» **TASK PROMPT**: Exactly the lines from the one containing "12 Rosella Way, Deebing" through the final line of the data are to be written out again, with nothing added.
——————————
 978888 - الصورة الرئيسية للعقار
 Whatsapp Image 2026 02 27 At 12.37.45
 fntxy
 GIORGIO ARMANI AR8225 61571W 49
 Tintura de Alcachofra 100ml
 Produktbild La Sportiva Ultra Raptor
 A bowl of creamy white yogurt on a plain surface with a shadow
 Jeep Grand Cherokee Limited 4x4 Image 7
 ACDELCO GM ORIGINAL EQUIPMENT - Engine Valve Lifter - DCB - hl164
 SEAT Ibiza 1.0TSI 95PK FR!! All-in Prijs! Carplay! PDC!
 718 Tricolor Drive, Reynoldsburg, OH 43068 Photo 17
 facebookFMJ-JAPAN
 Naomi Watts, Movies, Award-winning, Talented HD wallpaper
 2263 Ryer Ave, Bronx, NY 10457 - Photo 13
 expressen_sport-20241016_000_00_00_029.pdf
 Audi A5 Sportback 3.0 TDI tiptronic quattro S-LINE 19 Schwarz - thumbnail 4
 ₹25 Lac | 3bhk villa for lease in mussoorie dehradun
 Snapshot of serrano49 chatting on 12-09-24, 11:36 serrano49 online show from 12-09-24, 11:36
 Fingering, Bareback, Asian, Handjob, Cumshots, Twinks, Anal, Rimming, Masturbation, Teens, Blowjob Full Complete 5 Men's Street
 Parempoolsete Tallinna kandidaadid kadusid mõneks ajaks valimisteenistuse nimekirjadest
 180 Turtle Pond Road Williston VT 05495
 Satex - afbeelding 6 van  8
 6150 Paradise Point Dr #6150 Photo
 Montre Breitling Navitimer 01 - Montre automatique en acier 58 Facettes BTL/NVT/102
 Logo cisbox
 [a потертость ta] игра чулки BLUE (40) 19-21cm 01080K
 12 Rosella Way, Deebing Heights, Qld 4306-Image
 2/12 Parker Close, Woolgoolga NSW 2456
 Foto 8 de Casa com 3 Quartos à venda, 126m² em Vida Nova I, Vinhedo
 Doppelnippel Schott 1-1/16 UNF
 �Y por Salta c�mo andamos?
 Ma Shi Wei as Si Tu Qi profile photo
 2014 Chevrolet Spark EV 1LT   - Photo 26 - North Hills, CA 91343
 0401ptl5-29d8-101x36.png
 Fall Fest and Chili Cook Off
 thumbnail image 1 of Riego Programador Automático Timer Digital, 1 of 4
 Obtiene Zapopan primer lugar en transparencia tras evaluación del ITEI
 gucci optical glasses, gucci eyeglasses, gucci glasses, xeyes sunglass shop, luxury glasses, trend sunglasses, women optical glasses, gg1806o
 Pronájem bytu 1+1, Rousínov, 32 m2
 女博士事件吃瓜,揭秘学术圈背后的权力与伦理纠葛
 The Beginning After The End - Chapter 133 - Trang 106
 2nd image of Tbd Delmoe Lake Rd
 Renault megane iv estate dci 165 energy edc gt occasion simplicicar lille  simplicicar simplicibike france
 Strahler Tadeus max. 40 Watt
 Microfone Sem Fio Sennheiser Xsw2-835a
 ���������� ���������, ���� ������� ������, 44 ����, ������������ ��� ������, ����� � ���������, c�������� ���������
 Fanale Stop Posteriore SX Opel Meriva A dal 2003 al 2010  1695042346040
——————————
» **REPLY TO THE EXERCISE**:
 12 Rosella Way, Deebing Heights, Qld 4306-Image
 2/12 Parker Close, Woolgoolga NSW 2456
 Foto 8 de Casa com 3 Quartos à venda, 126m² em Vida Nova I, Vinhedo
 Doppelnippel Schott 1-1/16 UNF
 �Y por Salta c�mo andamos?
 Ma Shi Wei as Si Tu Qi profile photo
 2014 Chevrolet Spark EV 1LT   - Photo 26 - North Hills, CA 91343
 0401ptl5-29d8-101x36.png
 Fall Fest and Chili Cook Off
 thumbnail image 1 of Riego Programador Automático Timer Digital, 1 of 4
 Obtiene Zapopan primer lugar en transparencia tras evaluación del ITEI
 gucci optical glasses, gucci eyeglasses, gucci glasses, xeyes sunglass shop, luxury glasses, trend sunglasses, women optical glasses, gg1806o
 Pronájem bytu 1+1, Rousínov, 32 m2
 女博士事件吃瓜,揭秘学术圈背后的权力与伦理纠葛
 The Beginning After The End - Chapter 133 - Trang 106
 2nd image of Tbd Delmoe Lake Rd
 Renault megane iv estate dci 165 energy edc gt occasion simplicicar lille  simplicicar simplicibike france
 Strahler Tadeus max. 40 Watt
 Microfone Sem Fio Sennheiser Xsw2-835a
 ���������� ���������, ���� ������� ������, 44 ����, ������������ ��� ������, ����� � ���������, c�������� ���������
 Fanale Stop Posteriore SX Opel Meriva A dal 2003 al 2010  1695042346040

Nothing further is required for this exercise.